"The most remarkable innovation in Mesopotamian civilization is urbanism. The idea of the city as a heterogeneous, complex, messy, constantly changing but ultimately viable concept for human society was a Mesopotamian invention. ... By the end of the third millennium, 90 per cent of the population in southern Mesopotamia was living in cities. By the mid first millennium, Babylon was the world's largest and only metropolis"
That quote comes from the six page preface, which, along with a timeline, a map, a glossary and an index, provides the only unifying framework. There's no overall conclusion and to a large extent the ten chapters in Mesopotamia: The Invention of the City could stand separately. Each looks at one city, running "in a roughly chronological sequence from fifth-millennium Eridu through to Babylon, which lasted into the first few centuries AD". In between those come Uruk, Shuruppak, Akkad, Ur, Nippur, Sippar, Ashur, and Nineveh.
For each city there's a brief history of its excavations.
"In 1856 members of the Royal Asiatic Society were told that a ruin site had been found in the remote desert region of southern Mesopotamia, huge in size and impressive in its height of accumulated debris. ...
Excavations resumed in 1928 to 1939 and again from 1953 to 1990. Although epigraphy, the study of texts, became another important focus after the discovery of archaic tablets in the 1930s, the archaeologists at Warka still concentrated on architecture. Considering that Uruk had the earliest, grandest and most numerous monumental buildings in Mesopotamia, it was well served by the enthusiasm and technical expertise of the German excavators. ...

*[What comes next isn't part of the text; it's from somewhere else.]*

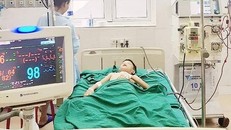 Bé T, đang được điều trị tại bệnh viện.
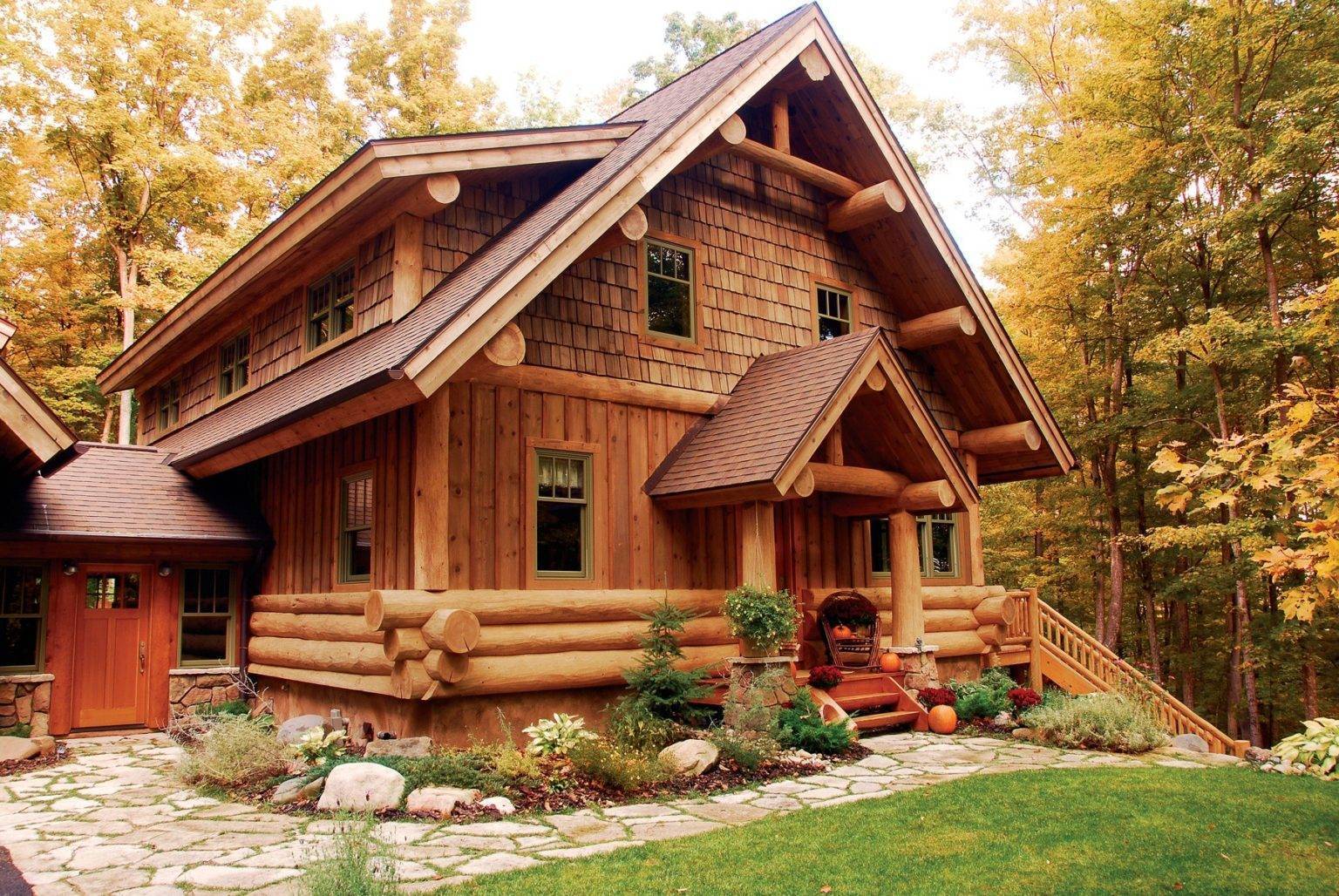 Из чего лучше строить деревянные дома?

Most of the archaeological information about Uruk therefore concerns either the early 'Uruk' period of the fourth millennium, or the later phase, especially the Neo-Babylonian and Seleucid epoch (the latter half of the first millennium)."

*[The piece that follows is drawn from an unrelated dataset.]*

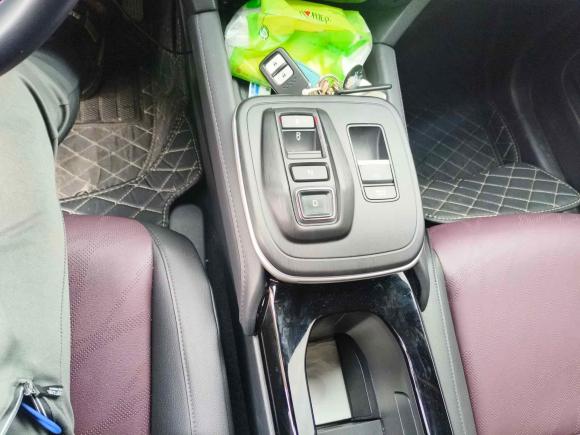 [上海·沪A] 二手思铭东风本田M-NV2023款 尚逸版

Leick doesn't get bogged down in the details here — there are sixteen pages of halftones, mostly of artefacts, but no excavation diagrams or stratigraphic sections.
In some cases the evidence is also, or even mostly, external.
"We have so far no archaeological record of [Akkad's] existence, no foundation deposits, no stratified sequence of debris, no architectural remains, no inscribed bricks to identify the site. All the same, the reality of Akkad as the new capital of a state founded by Sargon of Akkad has never been doubted because the name of the city appears in written documents from the second half of the third millennium from other Mesopotamian sites, quite apart from frequent references to Akkad in the cuneiform literature, omens and royal titles."
This is used to give an overview of the city's history. Leick then looks in detail at a few select topics, chosen for interest and depending on the vagaries of the evidence available, archaeological and literary. For Uruk, that's the development of bureaucracy and writing, the 'Uruk phenomenon' (the spread of aspects of Uruk culture across the Middle East and even further afield), and debates over political structures and the meaning of the 'temples'. For Ur, there's a look at some of the Ur III inscriptions and related texts: royal hymns, songs celebrating the king as the consort of Inanna, and a lamentation over the destruction of Ur.
Sippar had a gagam, a kind of 'convent' or secluded community of naditu women, whose archive has survived.
"Although there are isolated cases of a naditu seeking a wet-nurse, it is clear that the women in the enclosure did not have children. This greatly enhanced their chances of survival, since they were spared the risks of pregnancy and the debilitating effects of having to give birth...
While other women of the day passed their inheritance on to their husbands at marriage, the naditu could administer hers at her will. She was supposed to pass it back (with any accrued dividends) to her paternal family, but the documents make it clear that such conventions could be subverted by adopting a young girl to succeed her as a naditu and take care of her in old age."
With Ashur, Leick explores "the economic records of Assyrian businessmen and traders who had established themselves in a commercial enclave" in Cappadocia, nearly a thousand kilometres away. For Nineveh there's a more familiar narrative history of Assyria and its rulers from Sennacherib to Ashurbanipal II. And so forth, in a hugely varied smorgasbord of material.
Mesopotamia is scholarly in feel, situating what we know in the context of how we know it, and has forty five pages of notes and bibliographies (separate ones for each chapter). But its language is straightforward and not academic, and the presentation is lively, selecting material for interest and to provide context, rather than to argue a thesis or fill out a survey. It gives a feel for the diversity of Mesopotamian urban life over five millennia — and for the diversity of the disciplines and sources involved in understanding that.
Note: The Invention of the City is still relatively dense, and perhaps an odd choice as a cheap Penguin paperback; it would have seemed a more obvious candidate for a university press.